Mikael points out mankind's morbid fascination with violence and terror ("Point fingers at the details, probe vomits for more. Caught in unbridled suspense."), and how we as a society have "lost it now", at every moment "catching the flakes of dismay" - taking in every gory detail of life via the media. He points out the sick attitudes of today's youth in his metaphor about plague survivors who more and more often want to investigate the "disease" rather than exterminate it: "Born the travesty of man, regular pulse midst pandemonium. You're plucked to the mass, parched with thirst for the wicked."
Finally, Mikael remarks "Sick liaisons raised this monumental mark; the sun sets forever over Blackwater Park." As the sickening morbidity of the survivors takes over the town, ruining it forever and confirming its eventual destruction, the metaphor is for the doomed nature of our society. If we keep finding entertainment and interest in the dark side of humanity, the sun will set on us all, too.
"If we keep finding entertainment and interest in the dark side of humanity, the sun will set on us all, too."
"If we keep finding entertainment and interest in the dark side of humanity, the sun will set on us all, too."

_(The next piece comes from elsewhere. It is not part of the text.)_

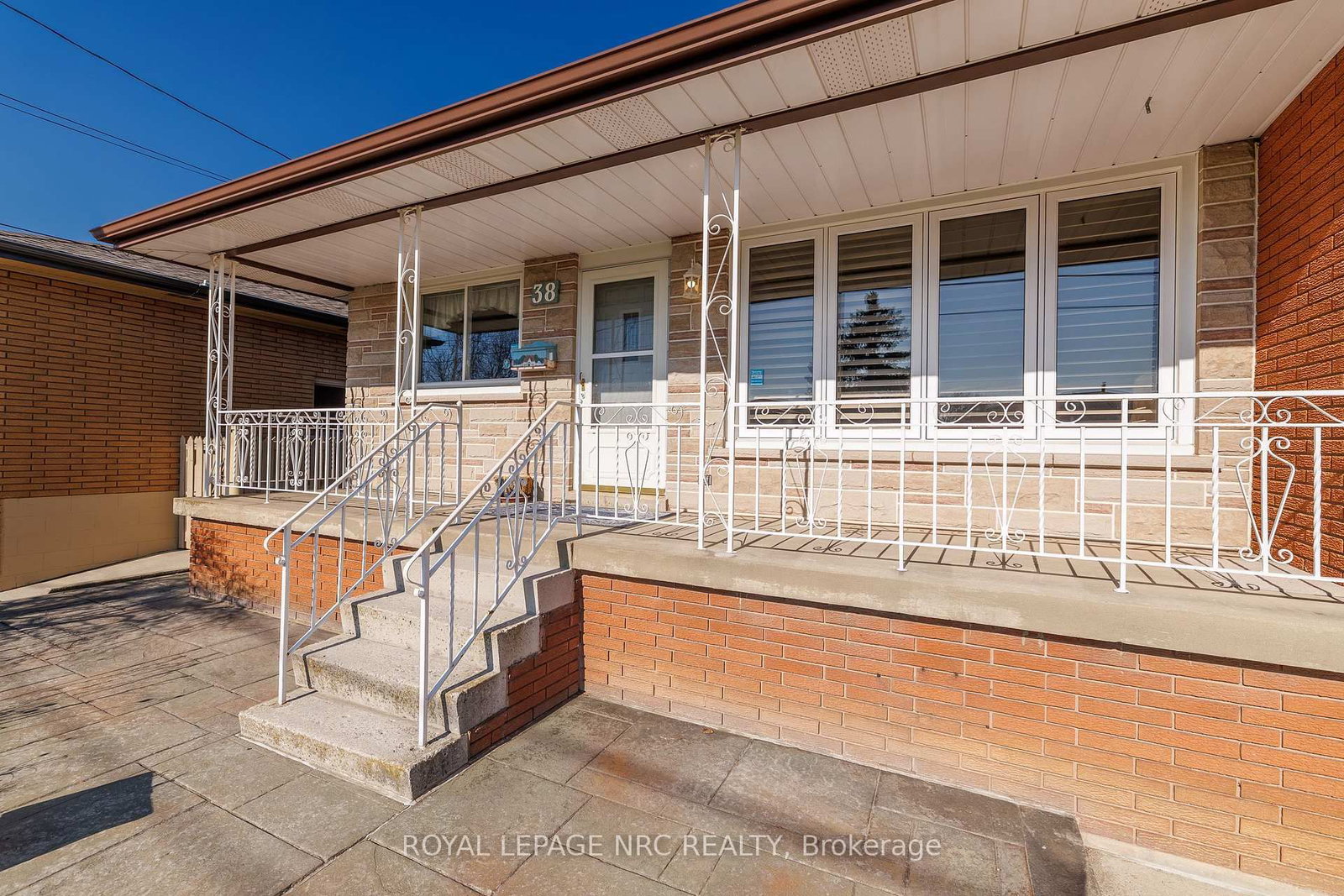 38 Rivercrest Road • Hamilton, ON photo 2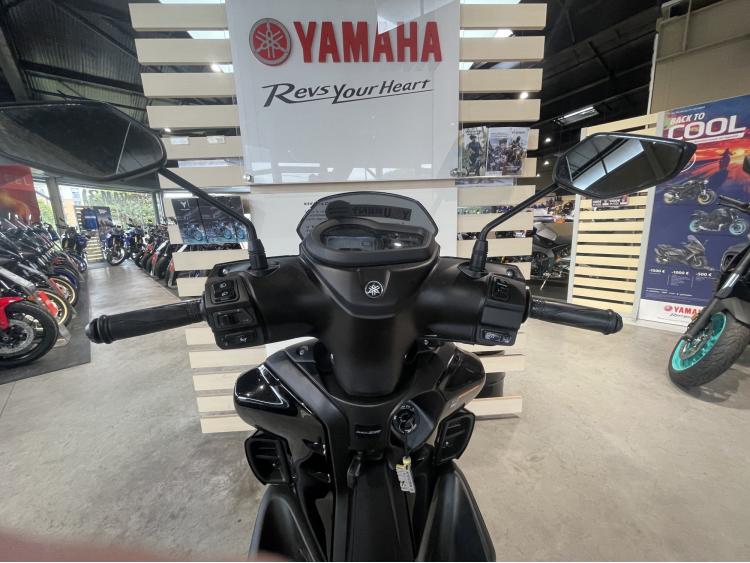 YAMAHA RayZR 125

I think it's hilariously ironic (to some, perhaps) how a "death metal" band can speak out against human interests in "the dark side of humanity" while at the same time - through the eyes of many - they themselves are undoubtedly categorized as being a part of "the dark side of humanity."
I think it's hilariously ironic (to some, perhaps) how a "death metal" band can speak out against human interests in "the dark side of humanity" while at the same time - through the eyes of many - they themselves are undoubtedly categorized as being a part of "the dark side of humanity."